Johannesburg - The International Criminal Court on Thursday found South Africa had failed in its duty to arrest Sudanese President Omar al-Bashir when he was in the country.
Judge Cuno Tarfusser said SA had a duty to arrest Al-Bashir in June 2015 and surrender him to the courts.
The ruling comes after the South African government ignored an order by the North Gauteng High Court in Pretoria preventing Al-Bashir from leaving the country.
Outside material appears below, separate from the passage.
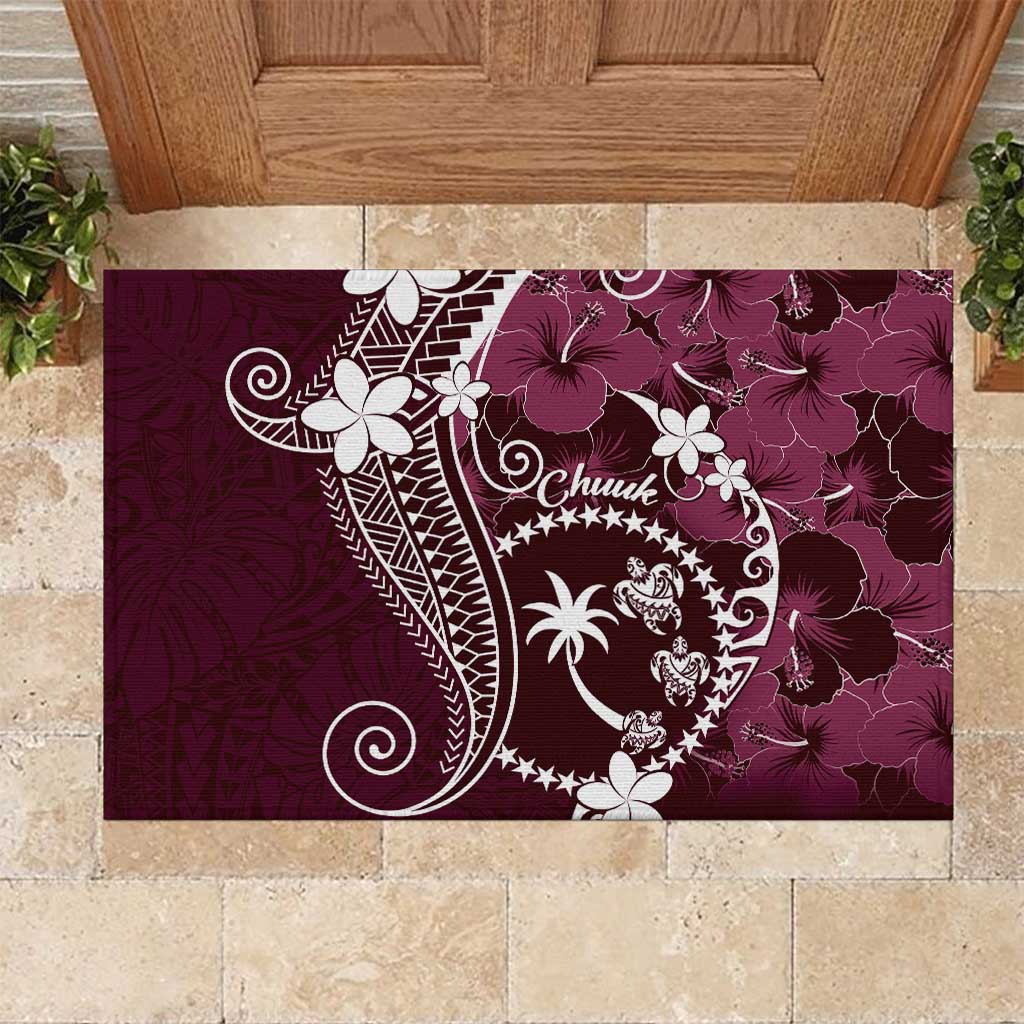 FSM Chuuk Rubber Doormat Turtle Tropical Flowers Polynesian - Pink LT14 Pink - Polynesian Pride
The Sudanese president had been attending an African Union summit in Johannesburg in June 2015.
According to information provided by the ICC, Al-Bashir, who has been president of the Republic of Sudan since 1993, was issued with his first warrant of arrest on March 4, 2009, and another on July 12, 2010.
He has been charged with crimes against humanity, war crimes and genocide.
In the wake of the controversy over the Al-Bashir matter, the South African government stated it intent to withdraw from the Rome Statute.
However, in March this year, the government backed down on that idea, following a ruling by the North Gauteng High Court in Pretoria in February which stipulated that a withdrawal would be unconstitutional and invalid - and needed to be decided on by Parliament.
In June, it was reported that the ANC's subcommittee on international relations declared that the party's decision that South Africa should withdraw from the International Criminal Court still stood, although consultations on the matter continued.